We had the good fortune of connecting with Hannah Medd and we’ve shared our conversation below.
Hi Hannah, can you walk us through the thought-process of starting your business?
I had often said in the past, the world doesn’t need another nonprofit until I decided to start my own. I had heard the horror stories of all the organizations that failed despite being started and run by the most dedicated and passionate people. I was terrified, which is probably why it took me so long to make the American Shark Conservancy official (not to mention my fear of commitment in general). But I knew I had a way to help make our oceans healthier through studying sharks and I knew that teaching other people to think critically about environmental issues would really make an impact. In fact, it was all I could think about. I had worked for a large nonprofit for a few years where I never felt I had a voice, my ideas were largely ignored and my skillset as a scientist was downplayed. They were the most frustrating years of my life. I was doing my dream job and yet I knew I could do more with people that I respected and wanted to work with so I left that job and took a little break. I volunteered with other groups, I reached out to organizations that I admired, I thought long and hard about what I could really contribute.
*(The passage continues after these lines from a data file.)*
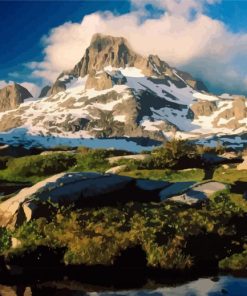 Mountains By Ansel Adams paint by number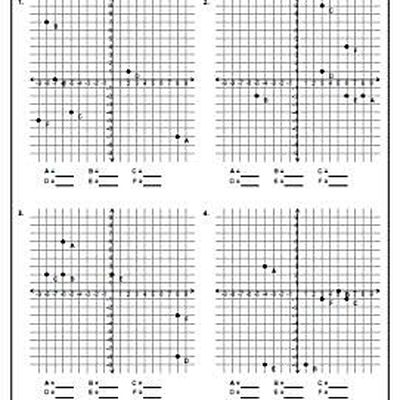 Coordinate and Graph Paper With Numbers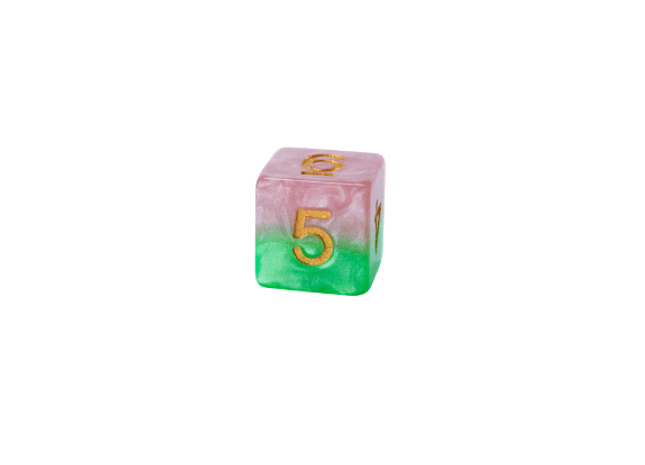 Gamers Guild AZ Gate Keeper Games GKGH512-12d6 - Gate Keeper Games Set of 12 D6: Rose Halfsies Dice Gate Keeper Games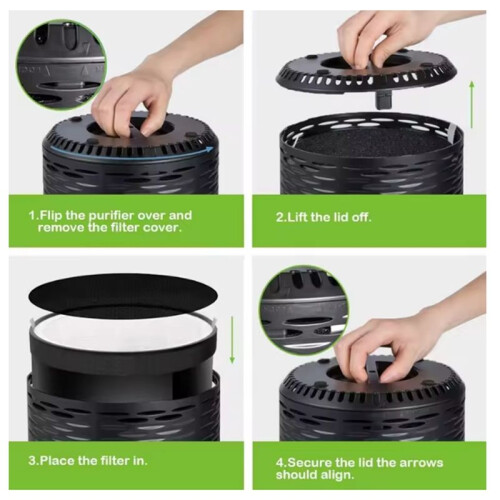 PM2.5 Hepa Filter for Levoit Air Purifier -H132 Activated Carbon Filter -H132 Levoit Air Purifier Filter -H132 2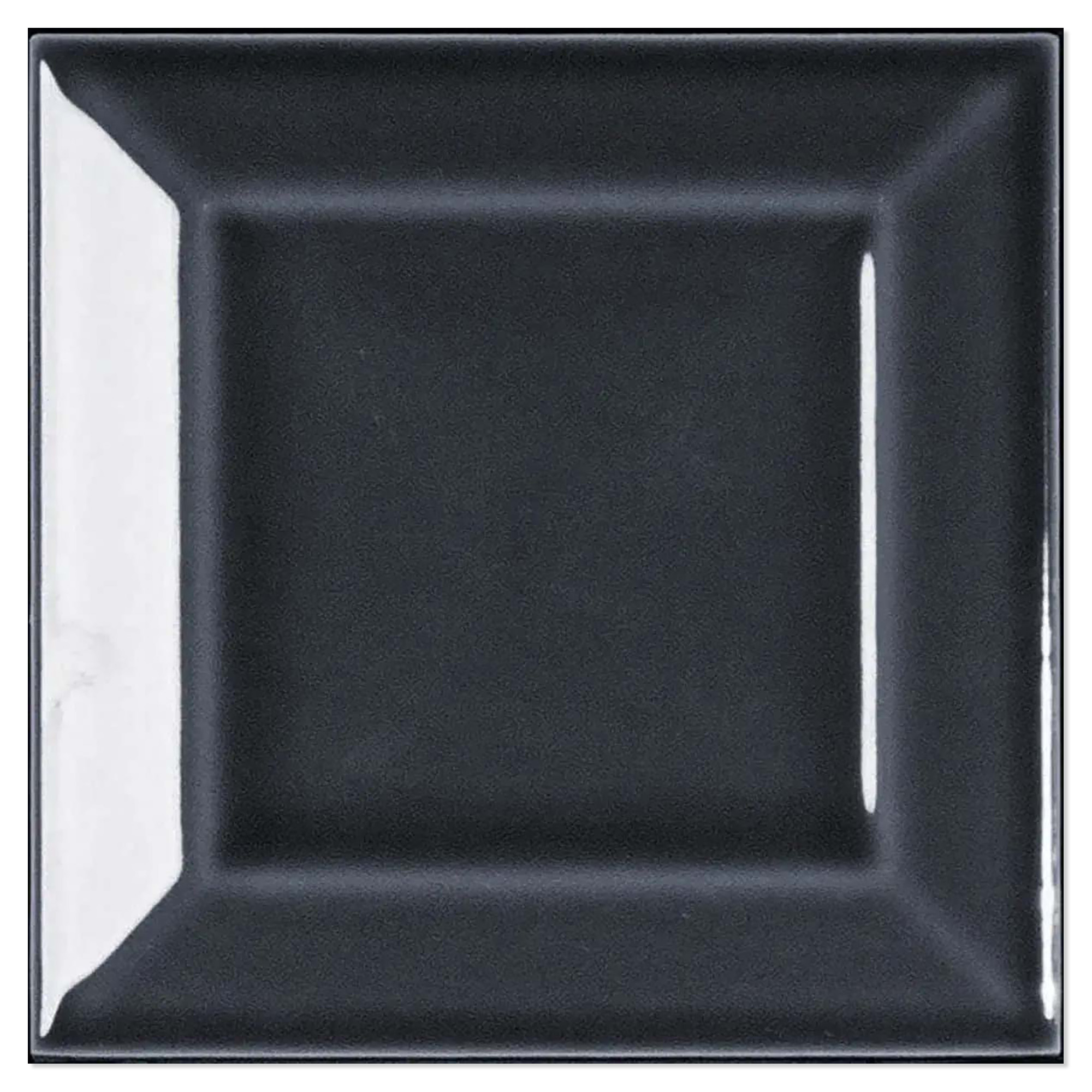 Estudio Vægflise Metropolis Deep Blue Frame Blank 10x10 cm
I didn’t and still don’t, want to waste time or resources to do anything that doesn’t actually contribute to making our future a little brighter. With the support of amazing colleagues and friends and family, we established ASC 4 years ago because I realized that if we were smart about asking for help, as an independent research and outreach organization, we could build bridges between the industries and individuals that rely on the ocean and sharks for the livelihood and recreation. We could navigate the motivations of many very different groups to ensure a sustainable future for sharks and our oceans. We are constantly reevaluating how we do this but that is what makes us valuable. I guess the world did need another nonprofit after all.
Alright, so let’s move onto what keeps you busy professionally?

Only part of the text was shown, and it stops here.